(Scraped caption text data)
[Start of section]

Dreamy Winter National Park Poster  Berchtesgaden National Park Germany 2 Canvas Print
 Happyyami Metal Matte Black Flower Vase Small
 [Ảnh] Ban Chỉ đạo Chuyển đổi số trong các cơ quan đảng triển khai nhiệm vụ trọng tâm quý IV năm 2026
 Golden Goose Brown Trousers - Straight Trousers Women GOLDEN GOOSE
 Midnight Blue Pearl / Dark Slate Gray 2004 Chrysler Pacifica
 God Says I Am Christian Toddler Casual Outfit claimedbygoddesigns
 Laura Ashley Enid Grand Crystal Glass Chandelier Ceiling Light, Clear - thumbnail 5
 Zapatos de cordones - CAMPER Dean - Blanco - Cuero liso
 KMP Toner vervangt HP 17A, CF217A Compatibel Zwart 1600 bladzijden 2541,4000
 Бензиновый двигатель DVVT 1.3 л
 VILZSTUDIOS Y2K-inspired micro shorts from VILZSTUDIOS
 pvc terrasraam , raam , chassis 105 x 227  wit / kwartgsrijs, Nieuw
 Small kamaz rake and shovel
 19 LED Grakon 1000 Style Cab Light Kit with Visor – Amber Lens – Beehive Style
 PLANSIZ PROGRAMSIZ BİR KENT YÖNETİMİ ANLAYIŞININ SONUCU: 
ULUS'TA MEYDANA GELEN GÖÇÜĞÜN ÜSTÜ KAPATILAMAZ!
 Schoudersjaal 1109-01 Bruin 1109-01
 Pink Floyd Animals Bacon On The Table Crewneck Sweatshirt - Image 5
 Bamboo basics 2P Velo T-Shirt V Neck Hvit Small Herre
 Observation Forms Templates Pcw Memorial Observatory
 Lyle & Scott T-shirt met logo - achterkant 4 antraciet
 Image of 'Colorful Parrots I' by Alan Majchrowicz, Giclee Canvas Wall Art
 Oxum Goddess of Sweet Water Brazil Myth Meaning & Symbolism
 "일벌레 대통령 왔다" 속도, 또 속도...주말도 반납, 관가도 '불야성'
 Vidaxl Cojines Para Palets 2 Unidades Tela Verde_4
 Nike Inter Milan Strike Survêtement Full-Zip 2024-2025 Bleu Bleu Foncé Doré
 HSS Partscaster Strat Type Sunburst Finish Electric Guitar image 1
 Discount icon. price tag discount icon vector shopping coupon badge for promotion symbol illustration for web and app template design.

[End of section]

• **Activity**:
Lines to set down from above: the line with "KMP Toner vervangt", the line with "Nike Inter Milan", and every line between, each exactly as written.

• **Written response**:
 KMP Toner vervangt HP 17A, CF217A Compatibel Zwart 1600 bladzijden 2541,4000
 Бензиновый двигатель DVVT 1.3 л
 VILZSTUDIOS Y2K-inspired micro shorts from VILZSTUDIOS
 pvc terrasraam , raam , chassis 105 x 227  wit / kwartgsrijs, Nieuw
 Small kamaz rake and shovel
 19 LED Grakon 1000 Style Cab Light Kit with Visor – Amber Lens – Beehive Style
 PLANSIZ PROGRAMSIZ BİR KENT YÖNETİMİ ANLAYIŞININ SONUCU: 
ULUS'TA MEYDANA GELEN GÖÇÜĞÜN ÜSTÜ KAPATILAMAZ!
 Schoudersjaal 1109-01 Bruin 1109-01
 Pink Floyd Animals Bacon On The Table Crewneck Sweatshirt - Image 5
 Bamboo basics 2P Velo T-Shirt V Neck Hvit Small Herre
 Observation Forms Templates Pcw Memorial Observatory
 Lyle & Scott T-shirt met logo - achterkant 4 antraciet
 Image of 'Colorful Parrots I' by Alan Majchrowicz, Giclee Canvas Wall Art
 Oxum Goddess of Sweet Water Brazil Myth Meaning & Symbolism
 "일벌레 대통령 왔다" 속도, 또 속도...주말도 반납, 관가도 '불야성'
 Vidaxl Cojines Para Palets 2 Unidades Tela Verde_4
 Nike Inter Milan Strike Survêtement Full-Zip 2024-2025 Bleu Bleu Foncé Doré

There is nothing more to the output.